THE PROBLEM :: Copy out the data in full and exactly, passing over the pictures.

DATA ::
==================================================
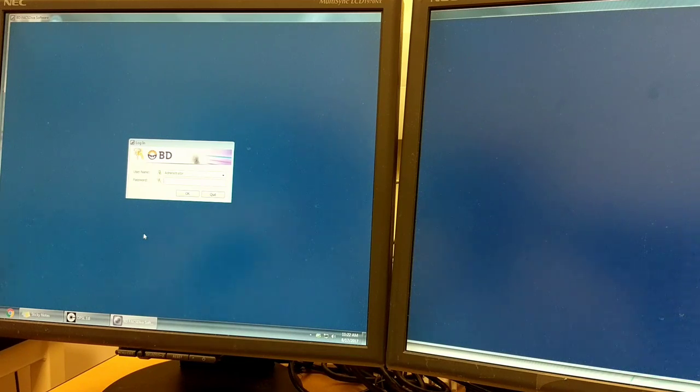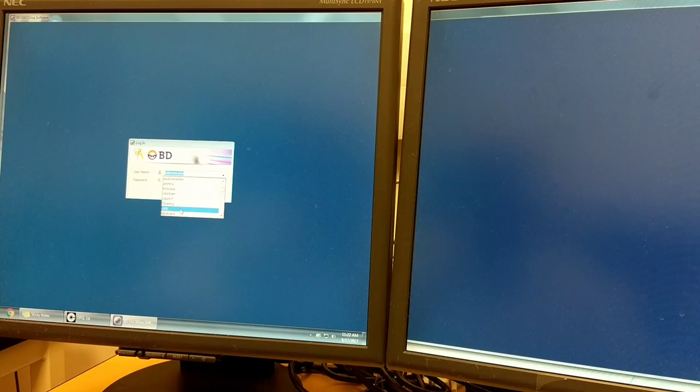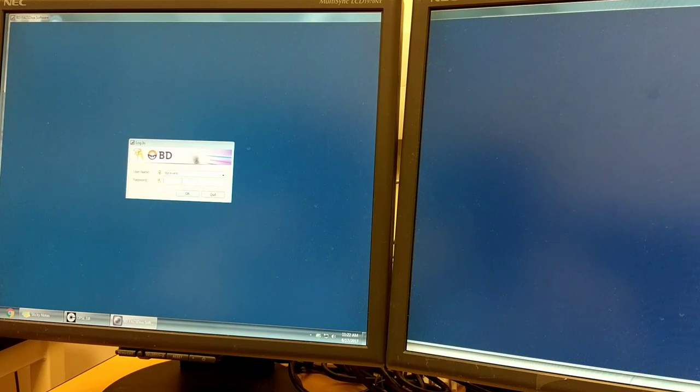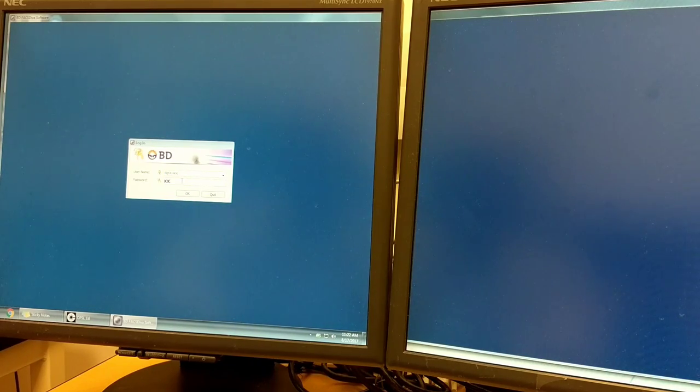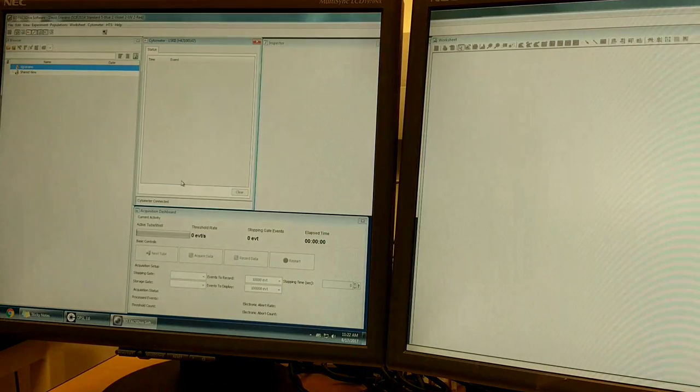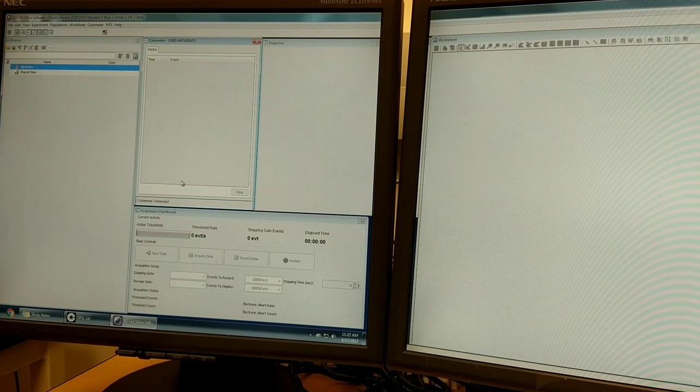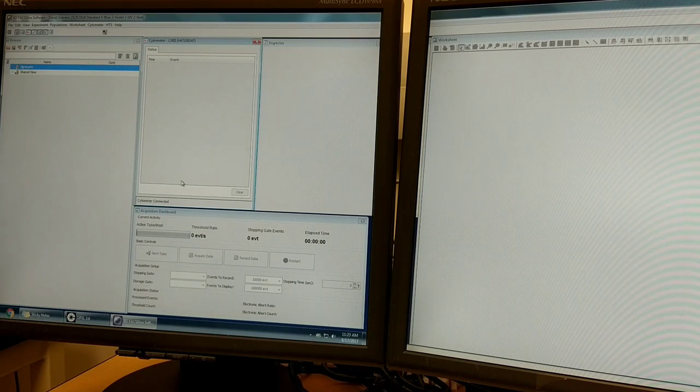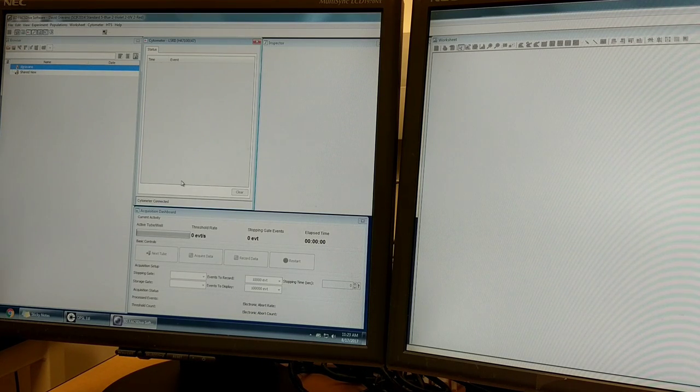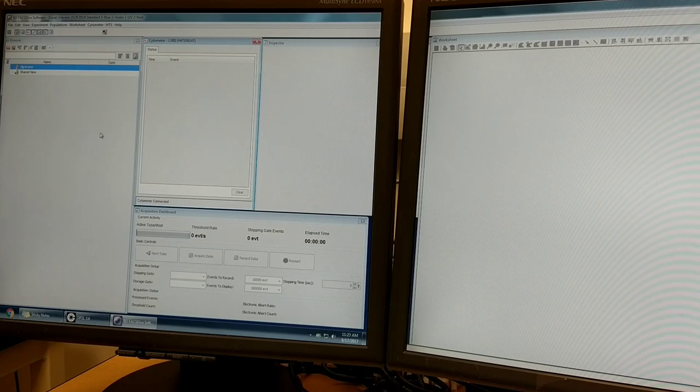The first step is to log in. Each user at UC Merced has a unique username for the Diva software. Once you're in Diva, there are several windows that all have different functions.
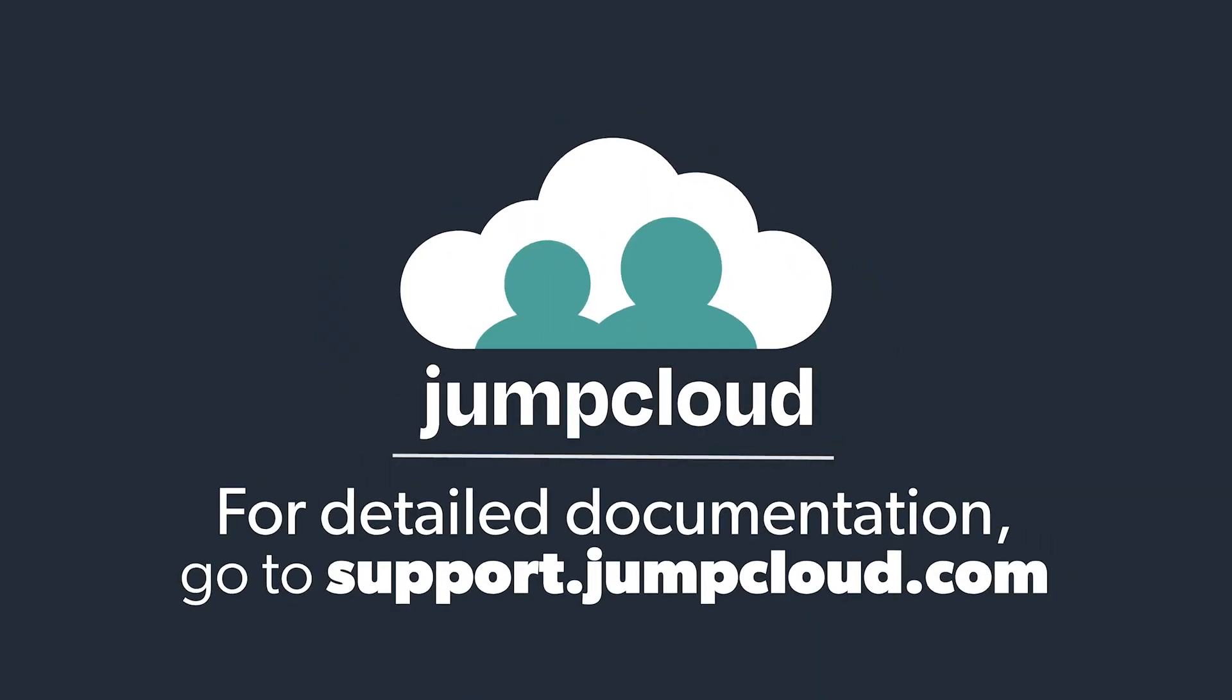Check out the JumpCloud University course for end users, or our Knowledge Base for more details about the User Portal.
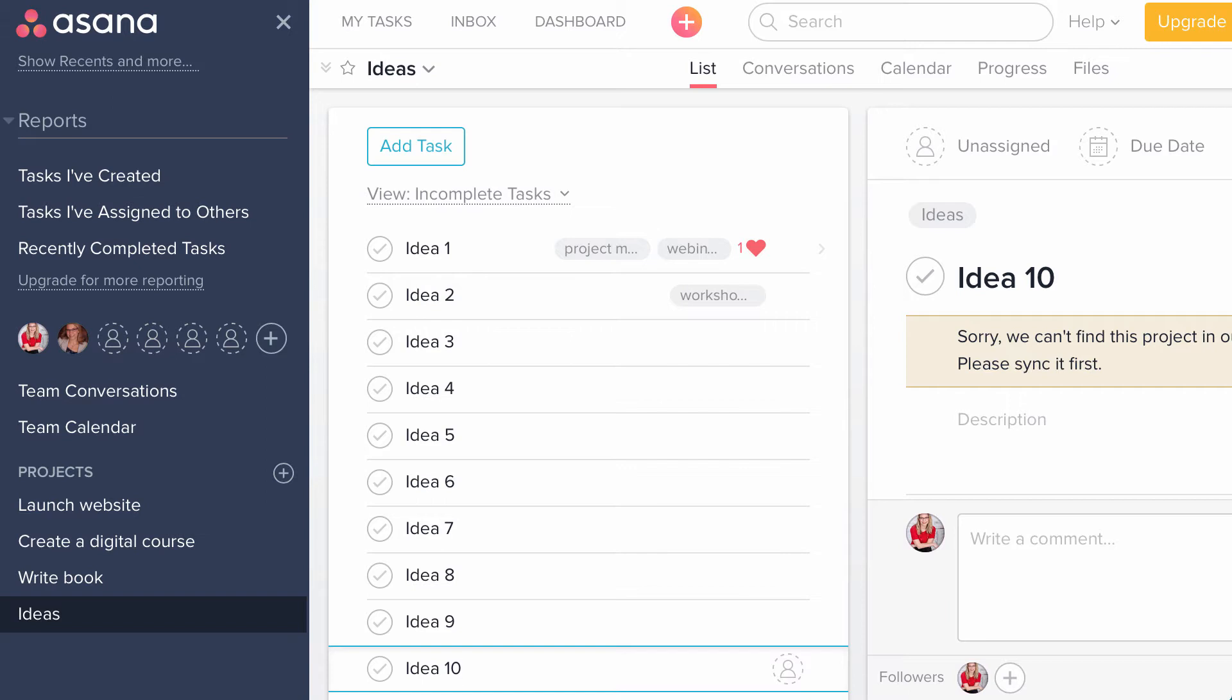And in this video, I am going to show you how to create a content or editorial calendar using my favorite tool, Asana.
==================================================
SOLUTION TO THIS TASK ::
The first step is to log in. Each user at UC Merced has a unique username for the Diva software. Once you're in Diva, there are several windows that all have different functions.
Check out the JumpCloud University course for end users, or our Knowledge Base for more details about the User Portal.
And in this video, I am going to show you how to create a content or editorial calendar using my favorite tool, Asana.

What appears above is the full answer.